With the recent announcement to adopt a single-use plastic reduction policy at Lewis & Clark—and frequent news stories around changes in international recycling markets—many community members are inquiring about how-to recycle and compost on campus.

Sustainability Director Amy Dvorak and Assistant Director of Campus Grounds Brad Ashwell teamed up to clarify the most common misconceptions.

Myth #1: It’s harder to recycle now.

Not exactly. The items that go into our mixed recycling on campus are the same currently as in the past. 

What has changed, is the impetus to reduce non-recyclables items in the bins and do a better job recycling correctly.

Lewis & Clark is fined by our waste hauler every time one of our recycling dumpsters is found with non-recyclable items in it—and the entire recycling bin is then dumped as trash.

Please review our recycling procedures and watch our new video about recycling on campus:

Myth #2: It’s OK to “wishfully” recycle or compost sometimes when I’m not sure if the item should go in the trash or not.

When in doubt, throw it out! Pay attention to this helpful list of 7 things to keep out of your recycling bin, and stick to the basic guidelines plastic, paper, and metal in commingled bins. Glass is recycled separately. Bins are also available on-campus for recycling batteries and reusing old cell phones.

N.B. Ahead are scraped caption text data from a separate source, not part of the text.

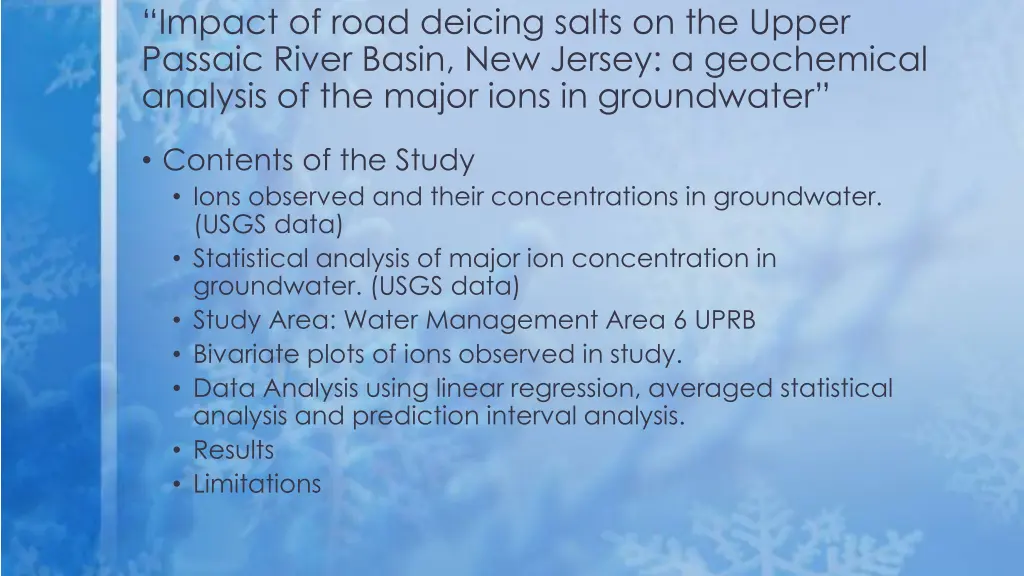 impact of road deicing salts on the upper passaic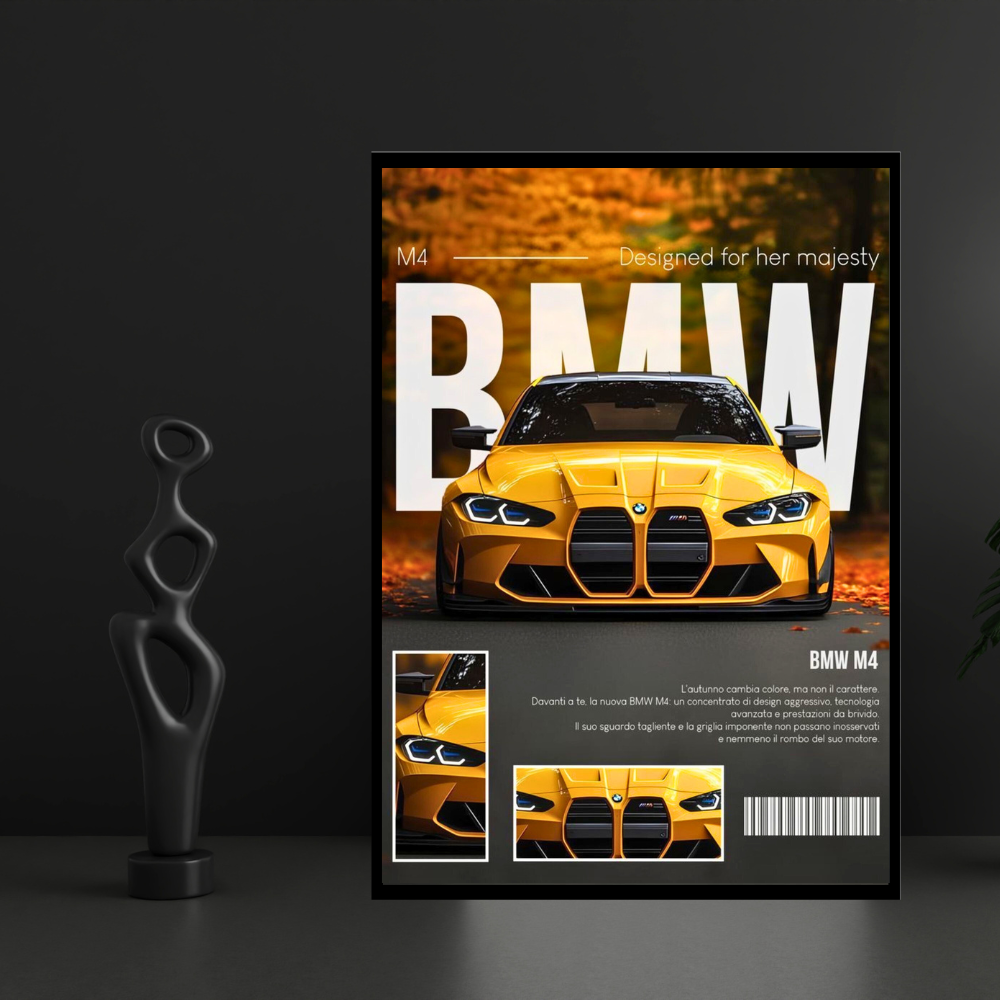 BMW M4 Framed Car Wall Art – Premium Automotive Decor for Car Enthusiasts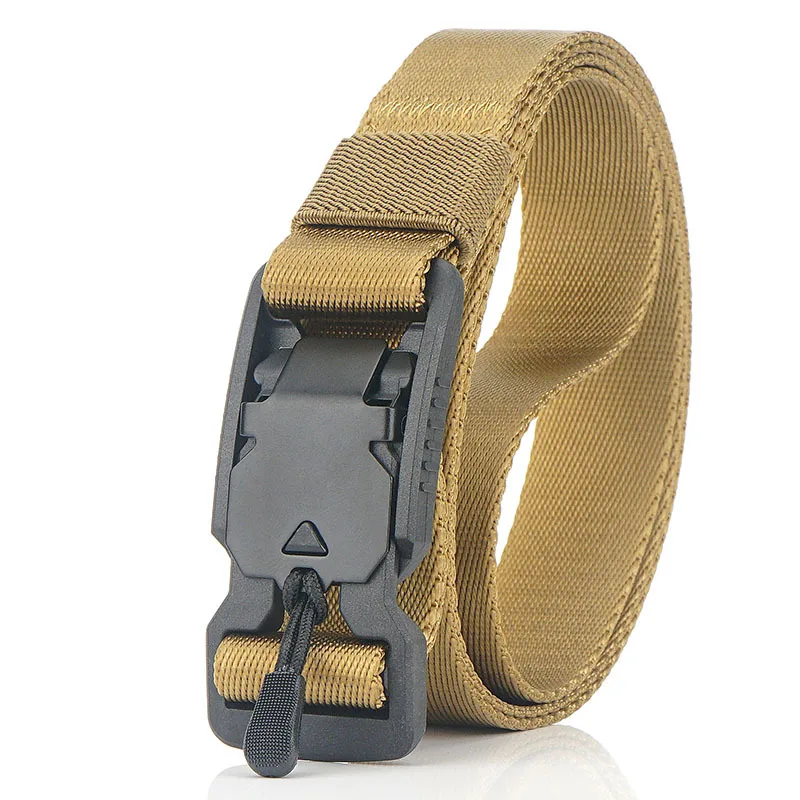 Belts for Men Magnetic Buckle Nylon Thin Belt Outdoor Military Tactical Training Male Canvas Waistband 2.5cm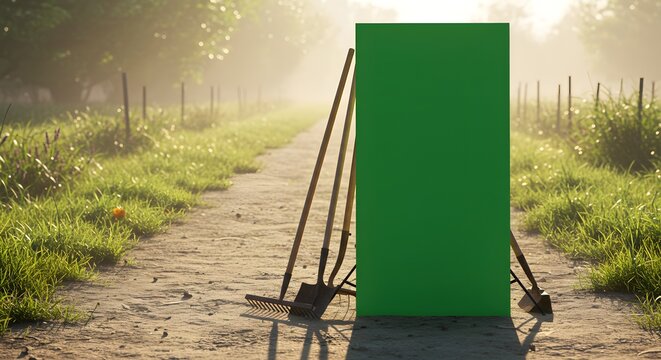 Sunrise on a Farm with Gardening Tools and a Green Screen Background for Mockups and Post-Production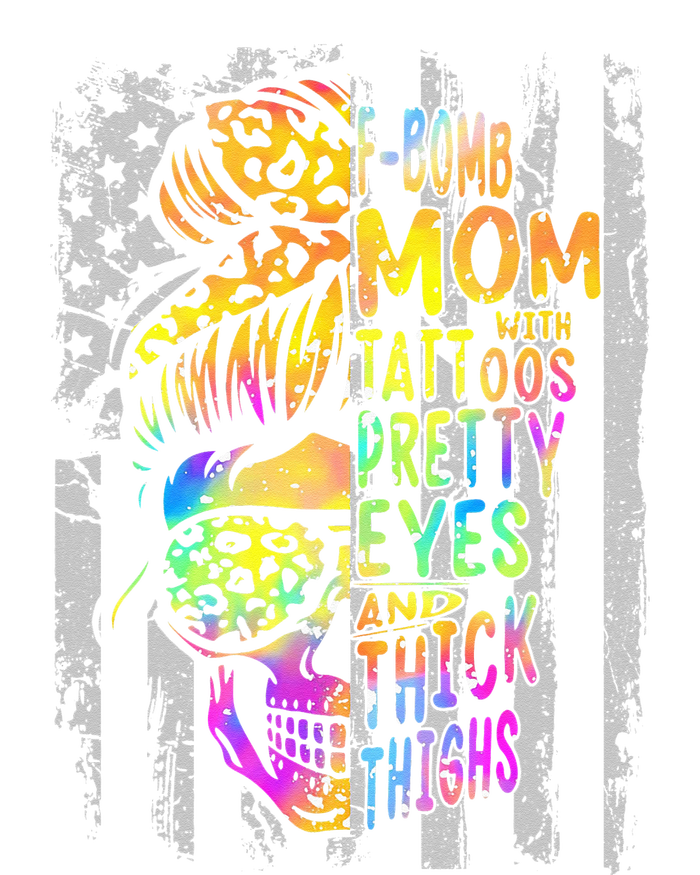 F Bomb Mom With Tattoos Pretty Eyes And Thick Thighs Skull Cropped Pullover Crew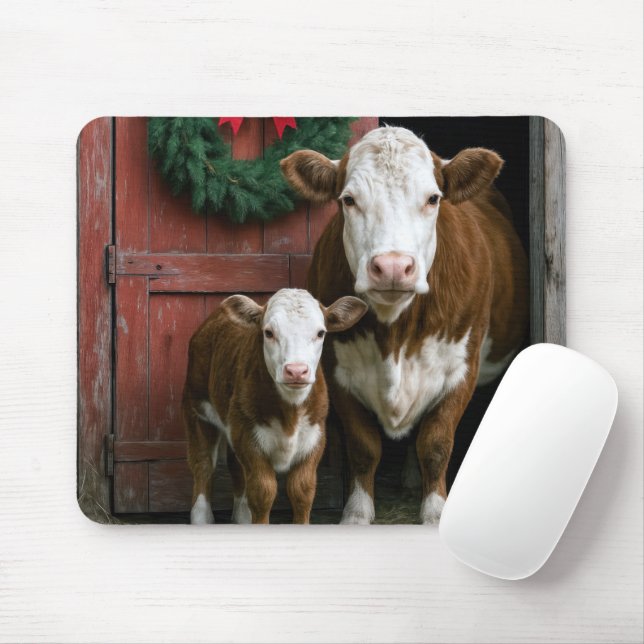 Mousepad Vaca e Bezerro Hereford no Natal (Com mouse)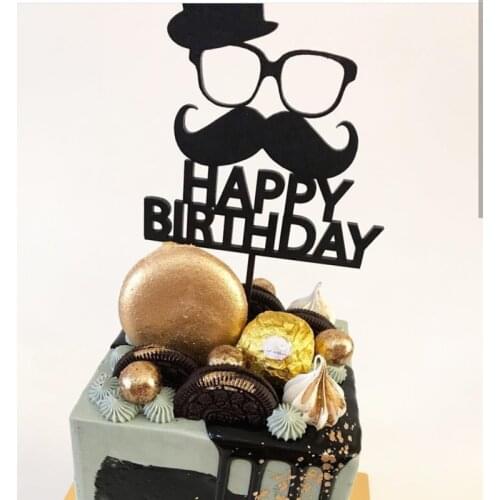 Creative Beard Happy Birthday Acrylic Cupcake Topper Black Birthday Cake Topper for Birthday Anniversary Party Cake Decorations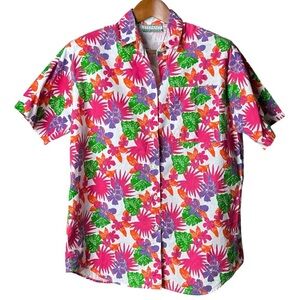 Vintage Stefano Sportswear Women's Size Medium Funky Print Button Down Colorful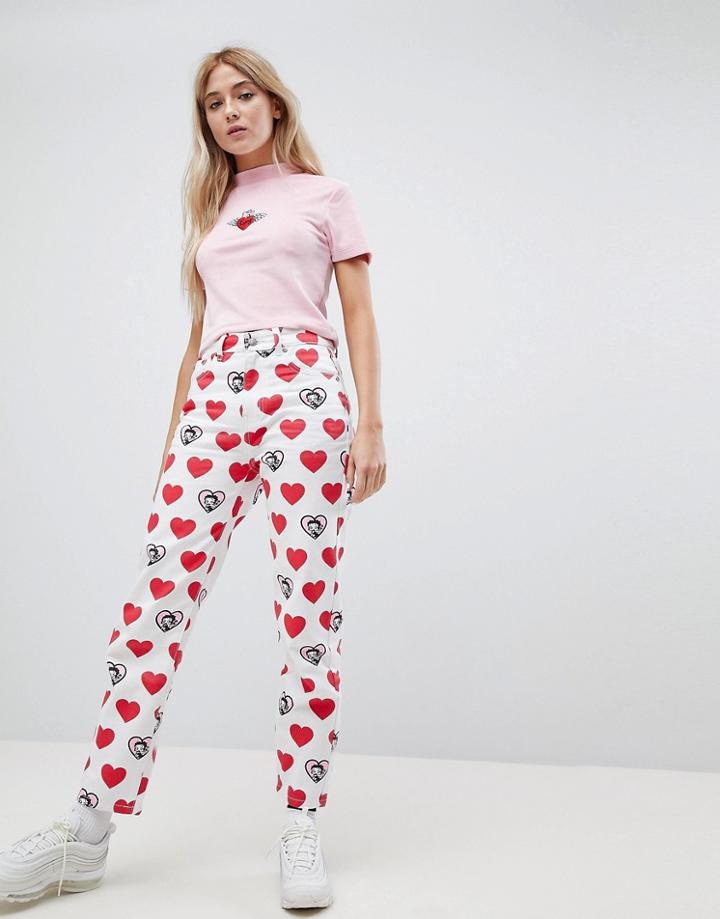 Lazy Oaf X Betty Boop Jeans In Heart Print - White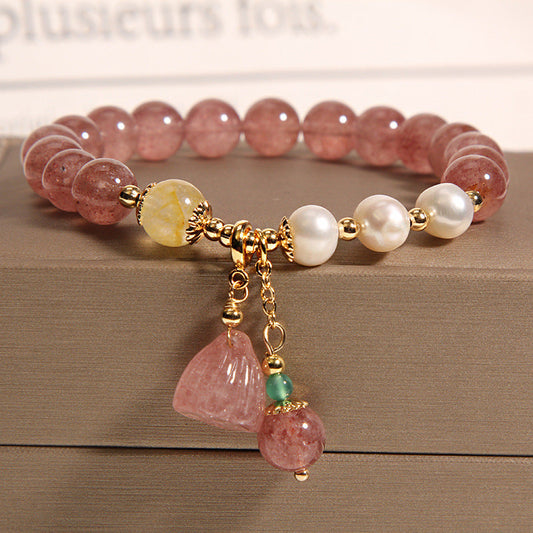 Strawberry Quartz Freshwater Pearl Charm Bracelet (8mm)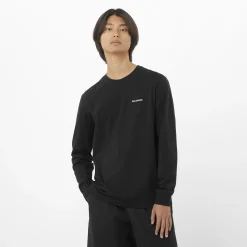 Salomon Men's Salomon Logo Long Sleeve Tee Deep Black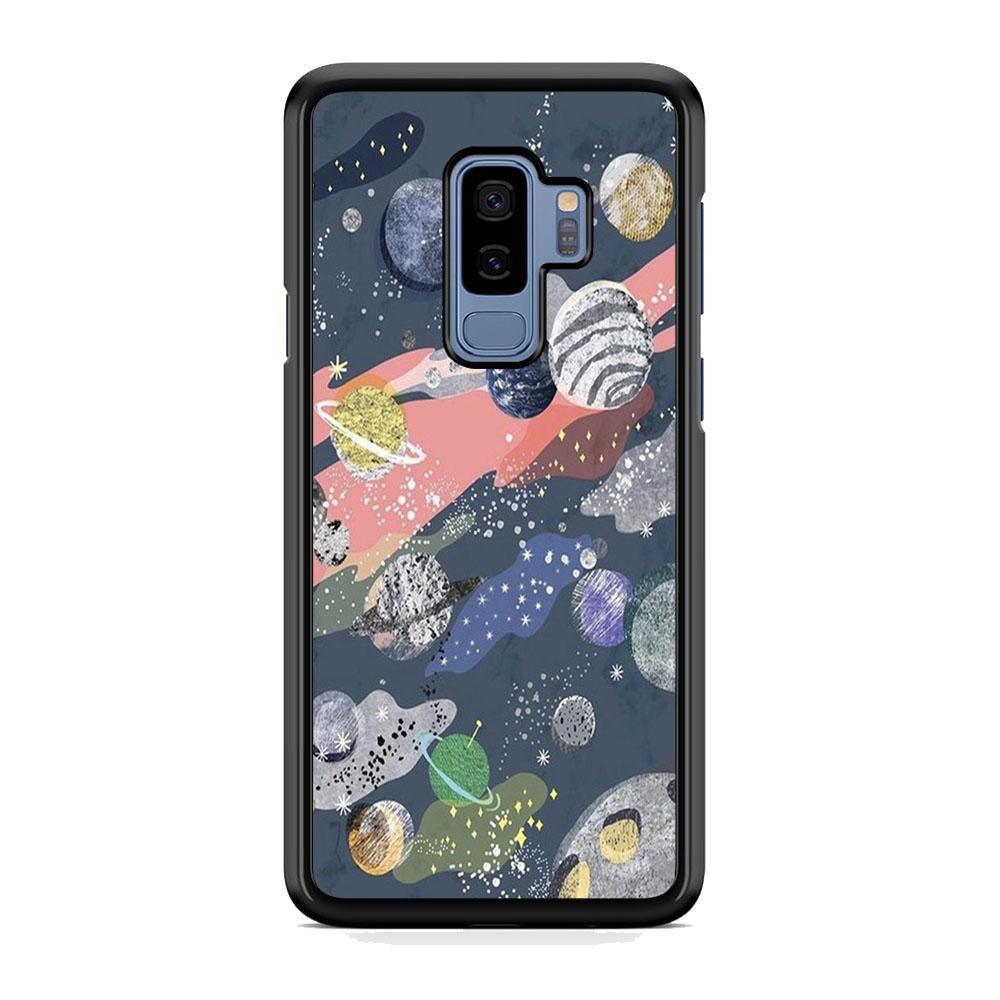 Universe Planet Collage Samsung Galaxy S9 Plus Case-Rubber Black (2D Case)-Oxvistore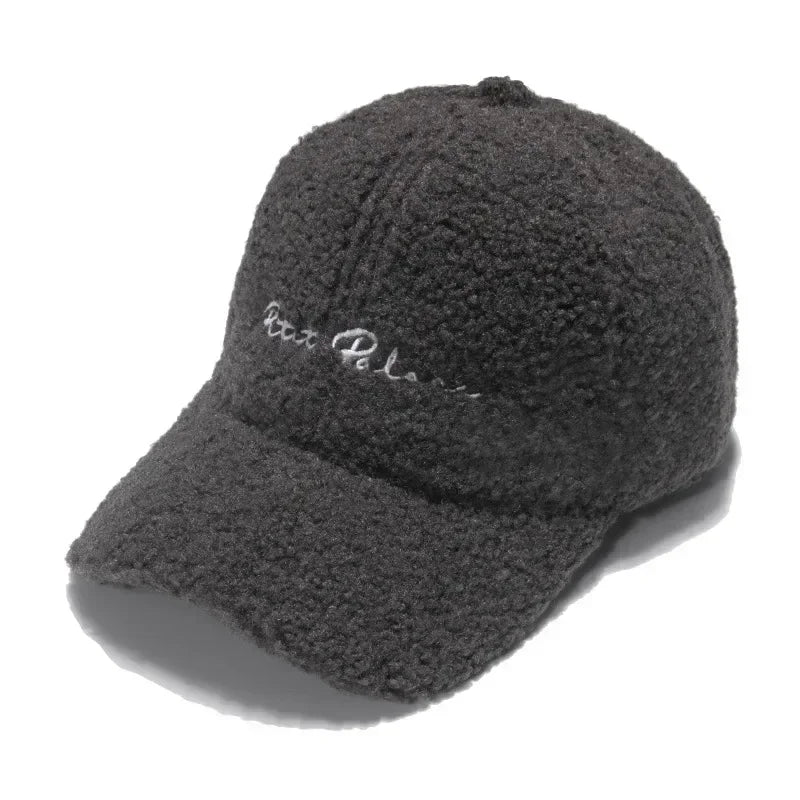 New Lamb Wool Hat for Women Autumn and Winter Korean Style Warm Sun Hat Plush Baseball Cap Winter Baseball Cap FitiqueFit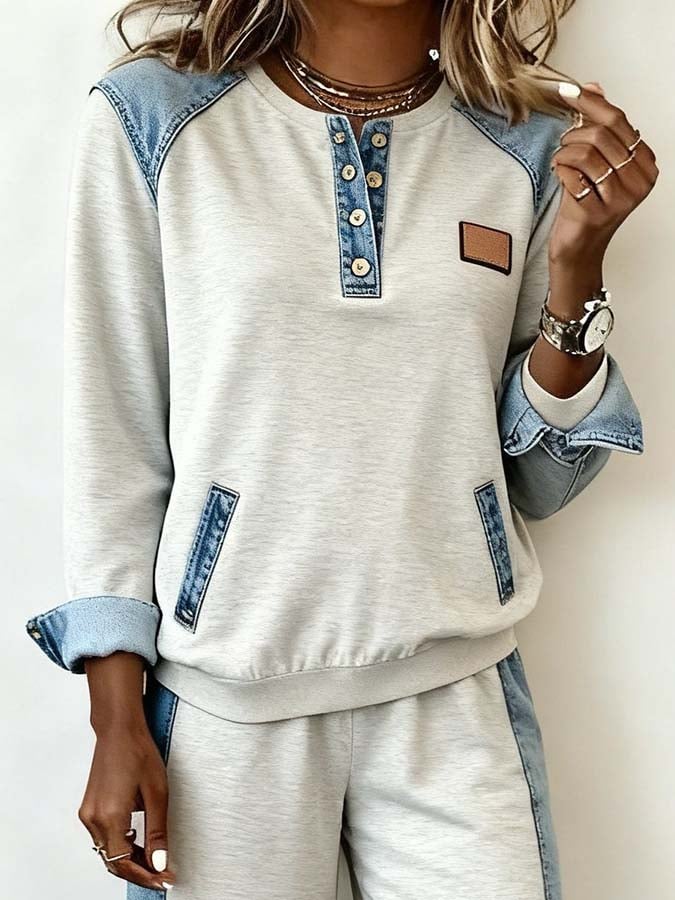 Winter Damen Patchwork Hosenanzug cosy & stylisch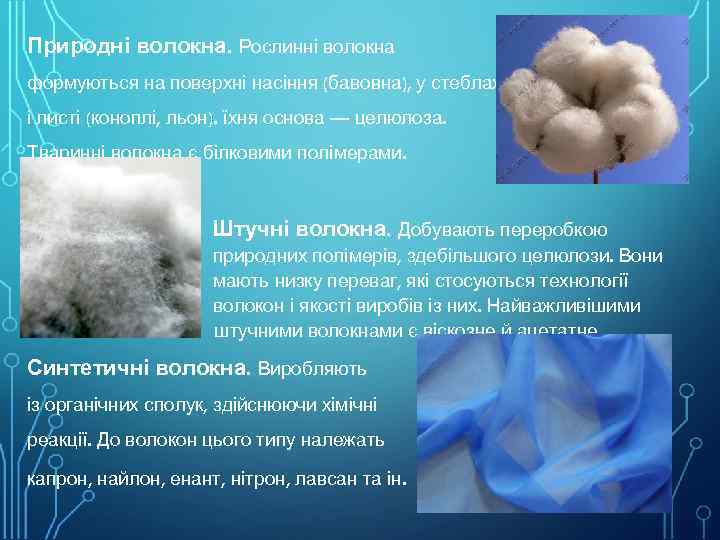 Природні волокна. Рослинні волокна формуються на поверхні насіння (бавовна), у стеблах і листі (коноплі,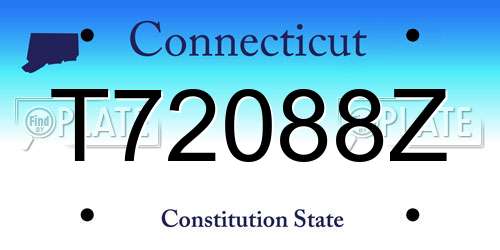T72088Z Connecticut License Plate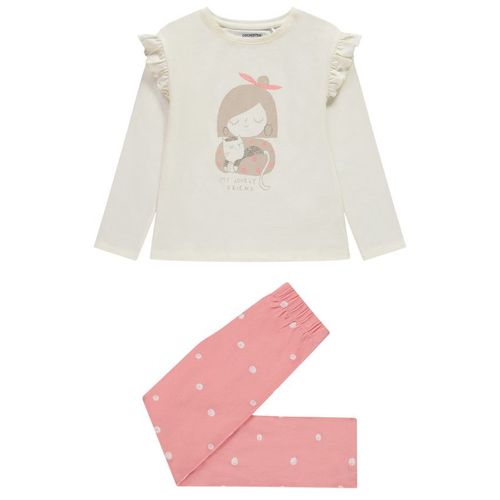 Pyjama 2 Pièces Avec T-Shirt À Volants + Bas Imprimé Pour Fille - Ecru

For additional electronic recycling resources, please see IT’s eWaste page.

For information regarding other types of recycling or reuse opportunities (e.g. appliances, furniture, office supplies), please contact Amy Dvorak. Please also see the Metro’s Find a Recycler webpage.

Myth #3: Lewis & Clark’s compost gets mixed with all of Portland resident’s compost.  

Where does our composting go? Food waste from businesses in Portland goes to a different location than residential waste. For this reason, what you can compost at home is different from what you can compost on campus.